The battlefield set was lined with tripwires to trip the charging cavalry horses. For the filming of this climax, 125 horses were tripped; of those, 25 were killed or put down afterward. Errol Flynn, an accomplished horseman, was outraged by the animal cruelty and by director Michael Curtiz's seeming indifference. He attacked Curtiz, but they were pulled apart before any serious damage was done. The film's charge sequence later forced the U.S. Congress to ensure the safety of animals in future motion pictures; the ASPCA followed suit and banned tripwires from all films. Unlike Flynn's other blockbusters, because of the number of horses killed during the charge sequence, the film was never re-released by Warner Bros. It would not be seen again until 1956, when the company sold the rights to it and other pre-1950 films to Associated Artists Productions, after which it subsequently premiered on television.

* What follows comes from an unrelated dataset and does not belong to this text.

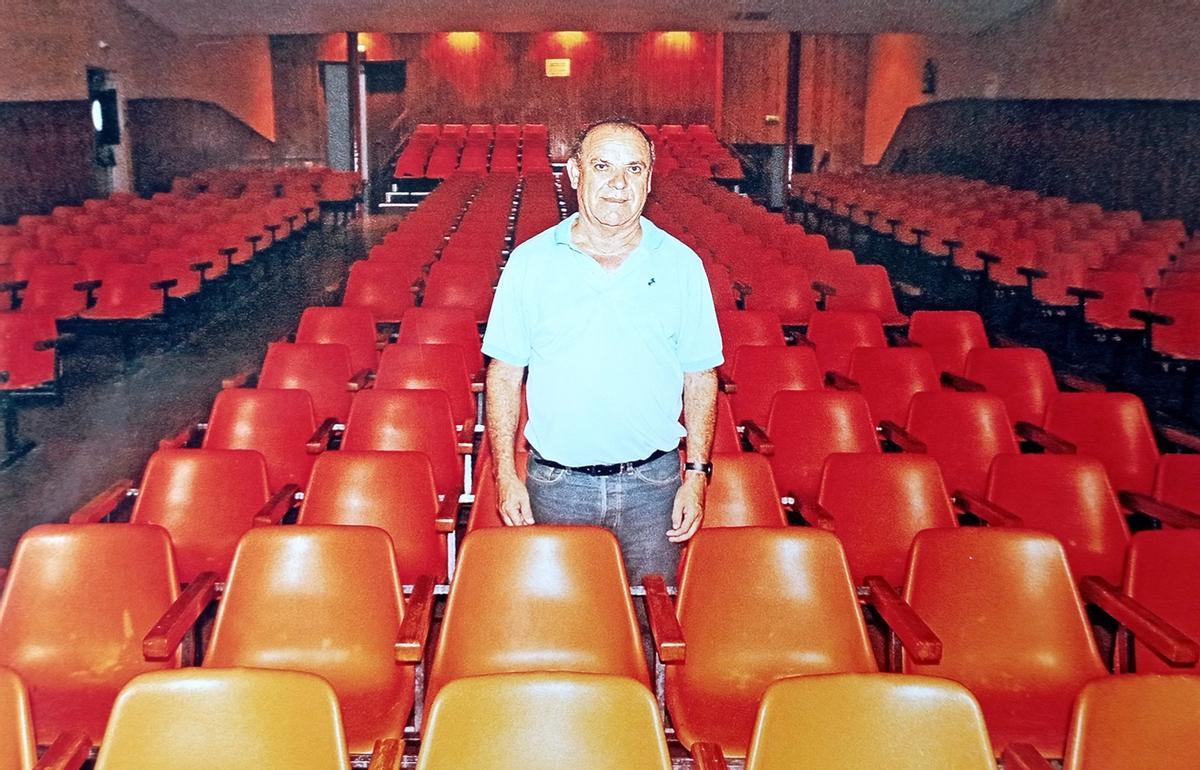 En el salón de actos del colegio, una reforma que llevó a cabo con vistas al centenario del centro, en 1982.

This scene was later used in the music video for the hit song "The Trooper" by Iron Maiden which was famously banned by MTV.

==Stylized as a cenotaph in opening credits==

"QUIS SUPERABIT

WHO SHALL EXCEL THEM

Dedication

To the officers and men

Of the Light Brigade who

Died victorious in a gallant

Charge at Balaklava for

Queen and Country

A.D. 1856"

"The world is indebted to Alfred,

Lord Tennyson, Poet Laureate to

Her Majesty, Queen Victoria of

Great Britain, for perpetuating

in an epic poem one of the most

distinguished events in history

conspicuous for sheer valor…"

==Disclaimer at the end of opening credits==
"This production has its basis in history.

The historical basis, however, has been

fictionalized for the purposes of this picture

and the names of many characters, many

characters themselves, the story, incidents

and institutions, are fictitious. With the

exception of known historical characters,

whose actual names are herein used, no

identification with actual persons, living

or dead, is intended or should be inferred".

==Reception==
===Box Office===
The film was a massive hit in Japan.

According to Warner Bros.' accounts, the film was the studio's most expensive and most popular film of 1936, earning $1,454,000 domestically and $1,928,000 in foreign markets.

===Critical===
Filmink magazine wrote that "If you think that story sounds silly, you'd be right and it doesn't come across any less so on screen" but thought the film was redeemed by Flynn and its action sequences.

==Awards==
Jack Sullivan won the Academy Award for Best Assistant Director for his work on the film, and it was also nominated for the Academy Award for Sound (Nathan Levinson) and the Academy Award for Original Music Score.